**EXERCISE BRIEF**
In the material below, find the line with "UBS 1 de Taguatinga" and the line with "Botas Amarillas De", then output those two lines and every line between them, exactly.

**DATA TO PROCESS**
################

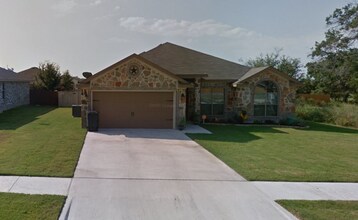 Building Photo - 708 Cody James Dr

################

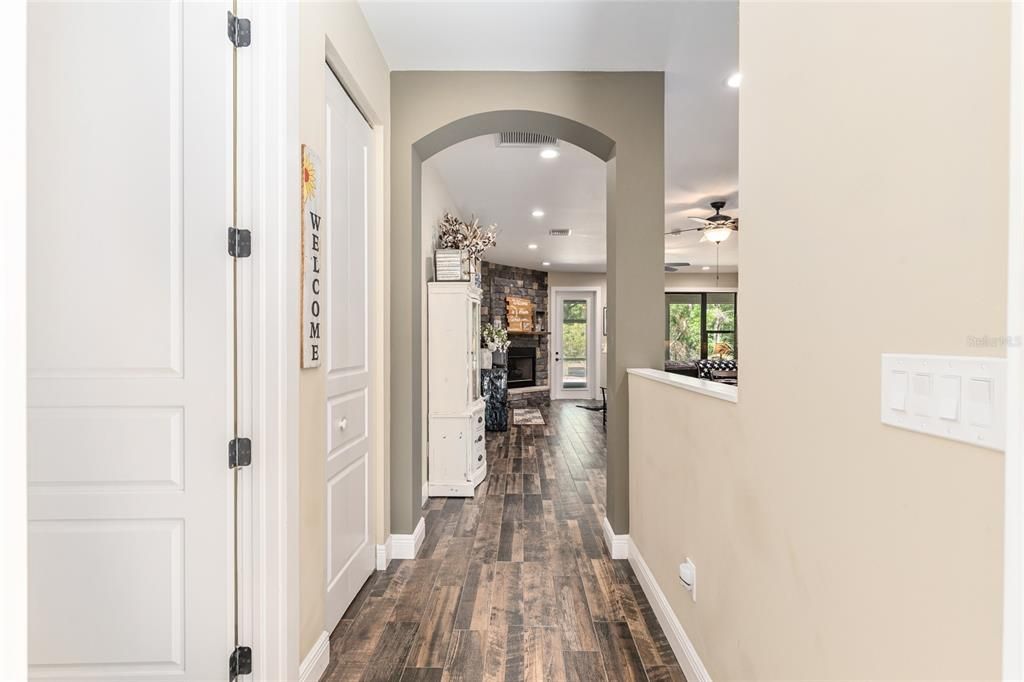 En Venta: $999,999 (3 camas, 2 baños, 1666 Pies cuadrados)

################

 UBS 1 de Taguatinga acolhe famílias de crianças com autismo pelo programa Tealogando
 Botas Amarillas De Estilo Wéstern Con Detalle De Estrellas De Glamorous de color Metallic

################

**ANSWER TO THIS EXERCISE**
 UBS 1 de Taguatinga acolhe famílias de crianças com autismo pelo programa Tealogando
 Botas Amarillas De Estilo Wéstern Con Detalle De Estrellas De Glamorous de color Metallic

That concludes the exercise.